Exercise objective => Starting at the top of the entries, restate word for word each line up to and including the one with "Lustra suspendata Ramira, auriu, 5xG9, IP20, Rabalux, 72361".

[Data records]
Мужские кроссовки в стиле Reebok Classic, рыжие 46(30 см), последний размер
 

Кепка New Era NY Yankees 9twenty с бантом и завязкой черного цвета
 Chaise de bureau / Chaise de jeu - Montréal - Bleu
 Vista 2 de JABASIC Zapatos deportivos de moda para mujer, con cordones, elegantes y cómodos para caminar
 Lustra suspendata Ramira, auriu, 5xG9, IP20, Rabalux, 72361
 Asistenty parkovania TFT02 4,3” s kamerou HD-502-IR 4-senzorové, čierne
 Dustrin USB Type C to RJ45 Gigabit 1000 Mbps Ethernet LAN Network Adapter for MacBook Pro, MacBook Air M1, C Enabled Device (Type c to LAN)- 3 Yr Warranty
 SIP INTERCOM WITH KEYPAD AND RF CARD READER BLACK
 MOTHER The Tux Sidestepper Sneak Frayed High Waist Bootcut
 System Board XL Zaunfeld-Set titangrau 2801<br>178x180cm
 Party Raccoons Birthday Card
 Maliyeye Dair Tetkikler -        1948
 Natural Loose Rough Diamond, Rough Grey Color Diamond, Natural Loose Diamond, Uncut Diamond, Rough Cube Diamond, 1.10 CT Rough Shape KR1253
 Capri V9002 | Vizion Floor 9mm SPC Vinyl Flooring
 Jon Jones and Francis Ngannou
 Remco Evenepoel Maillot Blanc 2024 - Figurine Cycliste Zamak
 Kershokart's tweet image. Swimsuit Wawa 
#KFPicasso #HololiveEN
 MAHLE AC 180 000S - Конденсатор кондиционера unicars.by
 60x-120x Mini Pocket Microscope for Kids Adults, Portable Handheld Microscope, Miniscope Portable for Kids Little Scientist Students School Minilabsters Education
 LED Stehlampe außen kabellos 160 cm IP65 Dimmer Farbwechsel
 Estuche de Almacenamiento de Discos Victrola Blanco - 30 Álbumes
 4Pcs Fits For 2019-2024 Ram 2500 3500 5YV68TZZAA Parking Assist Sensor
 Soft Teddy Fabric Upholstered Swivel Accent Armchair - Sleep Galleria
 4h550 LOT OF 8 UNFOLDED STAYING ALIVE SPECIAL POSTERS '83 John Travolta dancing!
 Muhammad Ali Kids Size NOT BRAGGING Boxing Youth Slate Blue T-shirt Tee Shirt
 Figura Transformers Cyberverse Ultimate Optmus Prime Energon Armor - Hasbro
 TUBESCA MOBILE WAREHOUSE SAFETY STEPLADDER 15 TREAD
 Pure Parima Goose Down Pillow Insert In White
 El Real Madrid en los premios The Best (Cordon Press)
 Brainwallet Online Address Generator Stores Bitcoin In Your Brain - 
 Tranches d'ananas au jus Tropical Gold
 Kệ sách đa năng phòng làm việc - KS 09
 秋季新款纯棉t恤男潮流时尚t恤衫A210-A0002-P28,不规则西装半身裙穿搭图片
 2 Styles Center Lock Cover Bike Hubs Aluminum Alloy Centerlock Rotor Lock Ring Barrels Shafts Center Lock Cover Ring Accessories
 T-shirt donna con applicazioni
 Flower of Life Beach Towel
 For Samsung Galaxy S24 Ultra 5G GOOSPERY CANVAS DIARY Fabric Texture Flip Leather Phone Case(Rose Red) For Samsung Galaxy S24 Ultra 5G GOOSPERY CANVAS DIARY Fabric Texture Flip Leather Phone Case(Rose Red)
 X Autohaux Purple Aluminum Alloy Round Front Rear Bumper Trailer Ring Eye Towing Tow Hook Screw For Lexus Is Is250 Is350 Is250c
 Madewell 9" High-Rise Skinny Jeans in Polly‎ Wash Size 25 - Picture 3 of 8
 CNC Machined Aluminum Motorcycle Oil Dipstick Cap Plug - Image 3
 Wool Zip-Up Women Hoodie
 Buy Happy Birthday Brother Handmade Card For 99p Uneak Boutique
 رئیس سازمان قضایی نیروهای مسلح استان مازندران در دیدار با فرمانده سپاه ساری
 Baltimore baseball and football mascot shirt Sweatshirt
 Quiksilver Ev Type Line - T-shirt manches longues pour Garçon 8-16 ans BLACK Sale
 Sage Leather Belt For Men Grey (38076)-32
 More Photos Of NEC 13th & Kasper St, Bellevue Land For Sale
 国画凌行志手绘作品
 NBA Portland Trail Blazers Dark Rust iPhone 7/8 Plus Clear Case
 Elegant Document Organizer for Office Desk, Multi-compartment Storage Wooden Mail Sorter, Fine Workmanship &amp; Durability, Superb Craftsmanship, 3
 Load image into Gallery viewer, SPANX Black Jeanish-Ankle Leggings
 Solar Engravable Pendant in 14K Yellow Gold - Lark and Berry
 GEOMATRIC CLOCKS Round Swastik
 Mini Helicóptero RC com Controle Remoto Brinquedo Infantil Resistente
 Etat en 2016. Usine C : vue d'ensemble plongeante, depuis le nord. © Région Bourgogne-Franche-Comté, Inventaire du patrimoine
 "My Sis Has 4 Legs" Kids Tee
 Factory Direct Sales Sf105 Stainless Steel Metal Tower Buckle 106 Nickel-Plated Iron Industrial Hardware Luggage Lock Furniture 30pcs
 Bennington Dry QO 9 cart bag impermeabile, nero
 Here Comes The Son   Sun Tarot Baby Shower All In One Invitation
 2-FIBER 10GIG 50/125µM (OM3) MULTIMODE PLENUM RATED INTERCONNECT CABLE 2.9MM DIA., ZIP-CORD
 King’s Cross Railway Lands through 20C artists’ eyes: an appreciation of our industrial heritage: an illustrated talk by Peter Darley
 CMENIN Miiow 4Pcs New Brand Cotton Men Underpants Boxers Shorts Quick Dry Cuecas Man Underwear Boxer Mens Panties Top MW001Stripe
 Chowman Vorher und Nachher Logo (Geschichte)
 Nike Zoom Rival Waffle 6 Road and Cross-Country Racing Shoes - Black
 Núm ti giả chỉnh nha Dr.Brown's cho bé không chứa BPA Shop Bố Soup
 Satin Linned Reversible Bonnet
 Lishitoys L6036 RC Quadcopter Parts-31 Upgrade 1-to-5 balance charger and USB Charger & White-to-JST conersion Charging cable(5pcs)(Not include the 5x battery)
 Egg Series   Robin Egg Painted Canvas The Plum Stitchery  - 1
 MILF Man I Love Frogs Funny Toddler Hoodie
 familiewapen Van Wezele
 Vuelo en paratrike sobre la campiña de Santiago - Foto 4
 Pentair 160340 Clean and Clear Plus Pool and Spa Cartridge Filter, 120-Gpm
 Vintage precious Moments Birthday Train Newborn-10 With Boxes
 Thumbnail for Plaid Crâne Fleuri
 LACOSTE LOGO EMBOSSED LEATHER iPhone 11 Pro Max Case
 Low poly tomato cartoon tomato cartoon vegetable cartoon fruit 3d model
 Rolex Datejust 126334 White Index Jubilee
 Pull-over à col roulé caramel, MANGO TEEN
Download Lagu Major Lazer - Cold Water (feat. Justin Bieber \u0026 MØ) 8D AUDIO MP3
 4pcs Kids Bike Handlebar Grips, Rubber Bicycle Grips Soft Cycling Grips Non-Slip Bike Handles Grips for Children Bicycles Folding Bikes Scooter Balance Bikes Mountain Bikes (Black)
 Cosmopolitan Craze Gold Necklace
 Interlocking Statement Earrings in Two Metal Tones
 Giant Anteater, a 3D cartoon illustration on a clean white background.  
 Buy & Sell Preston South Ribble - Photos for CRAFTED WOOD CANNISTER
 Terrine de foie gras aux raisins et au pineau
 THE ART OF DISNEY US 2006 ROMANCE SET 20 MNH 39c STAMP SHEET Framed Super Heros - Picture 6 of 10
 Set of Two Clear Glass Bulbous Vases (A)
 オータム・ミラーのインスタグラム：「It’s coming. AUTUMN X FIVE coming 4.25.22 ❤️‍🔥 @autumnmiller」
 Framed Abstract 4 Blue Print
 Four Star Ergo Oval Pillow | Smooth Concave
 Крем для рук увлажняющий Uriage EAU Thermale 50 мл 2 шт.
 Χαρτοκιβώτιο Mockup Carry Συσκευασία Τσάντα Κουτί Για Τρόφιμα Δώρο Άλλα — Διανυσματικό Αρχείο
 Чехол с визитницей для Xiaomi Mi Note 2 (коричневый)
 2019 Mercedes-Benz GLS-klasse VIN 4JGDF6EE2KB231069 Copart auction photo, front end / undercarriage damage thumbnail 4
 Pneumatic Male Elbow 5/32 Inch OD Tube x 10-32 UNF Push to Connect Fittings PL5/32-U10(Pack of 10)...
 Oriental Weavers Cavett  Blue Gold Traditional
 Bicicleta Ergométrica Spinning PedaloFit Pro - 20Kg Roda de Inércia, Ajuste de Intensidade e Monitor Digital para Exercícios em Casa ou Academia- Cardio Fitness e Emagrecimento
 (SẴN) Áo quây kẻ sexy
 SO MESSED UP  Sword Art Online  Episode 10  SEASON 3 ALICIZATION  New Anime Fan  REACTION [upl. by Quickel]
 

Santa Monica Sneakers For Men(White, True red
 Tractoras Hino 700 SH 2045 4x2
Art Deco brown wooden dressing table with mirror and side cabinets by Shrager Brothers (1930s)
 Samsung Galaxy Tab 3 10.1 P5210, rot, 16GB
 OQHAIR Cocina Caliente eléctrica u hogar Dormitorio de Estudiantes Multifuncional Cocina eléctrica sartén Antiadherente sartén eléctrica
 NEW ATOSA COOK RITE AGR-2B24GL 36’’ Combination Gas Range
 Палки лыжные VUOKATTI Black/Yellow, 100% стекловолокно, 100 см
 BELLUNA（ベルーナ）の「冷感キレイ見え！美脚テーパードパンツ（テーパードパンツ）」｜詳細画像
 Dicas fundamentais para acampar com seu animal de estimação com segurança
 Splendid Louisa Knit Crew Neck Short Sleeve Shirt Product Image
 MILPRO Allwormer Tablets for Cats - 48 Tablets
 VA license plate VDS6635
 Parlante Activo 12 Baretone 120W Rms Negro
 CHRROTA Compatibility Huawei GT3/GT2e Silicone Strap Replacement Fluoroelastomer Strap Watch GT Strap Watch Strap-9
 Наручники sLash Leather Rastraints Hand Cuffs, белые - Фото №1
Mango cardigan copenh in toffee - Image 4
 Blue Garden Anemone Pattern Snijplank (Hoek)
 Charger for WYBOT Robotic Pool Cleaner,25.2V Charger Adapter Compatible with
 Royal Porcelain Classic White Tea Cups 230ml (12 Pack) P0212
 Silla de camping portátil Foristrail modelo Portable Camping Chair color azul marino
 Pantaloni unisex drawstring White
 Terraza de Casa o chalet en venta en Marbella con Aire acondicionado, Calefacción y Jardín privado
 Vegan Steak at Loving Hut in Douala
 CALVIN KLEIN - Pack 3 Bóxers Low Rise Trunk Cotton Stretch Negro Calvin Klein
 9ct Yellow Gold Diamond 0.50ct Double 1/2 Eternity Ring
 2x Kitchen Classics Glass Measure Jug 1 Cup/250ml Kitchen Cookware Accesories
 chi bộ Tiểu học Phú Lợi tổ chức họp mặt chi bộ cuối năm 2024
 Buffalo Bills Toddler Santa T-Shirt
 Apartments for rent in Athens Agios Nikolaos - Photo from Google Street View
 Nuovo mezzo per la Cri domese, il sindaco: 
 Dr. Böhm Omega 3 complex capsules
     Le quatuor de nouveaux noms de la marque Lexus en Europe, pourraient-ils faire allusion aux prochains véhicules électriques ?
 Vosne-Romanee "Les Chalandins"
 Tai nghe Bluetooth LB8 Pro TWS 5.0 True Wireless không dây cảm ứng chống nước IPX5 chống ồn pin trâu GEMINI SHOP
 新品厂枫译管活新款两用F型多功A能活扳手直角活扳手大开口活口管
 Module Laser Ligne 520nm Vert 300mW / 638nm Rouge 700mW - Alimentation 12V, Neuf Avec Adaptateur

Worked solution =>
Мужские кроссовки в стиле Reebok Classic, рыжие 46(30 см), последний размер
 

Кепка New Era NY Yankees 9twenty с бантом и завязкой черного цвета
 Chaise de bureau / Chaise de jeu - Montréal - Bleu
 Vista 2 de JABASIC Zapatos deportivos de moda para mujer, con cordones, elegantes y cómodos para caminar
 Lustra suspendata Ramira, auriu, 5xG9, IP20, Rabalux, 72361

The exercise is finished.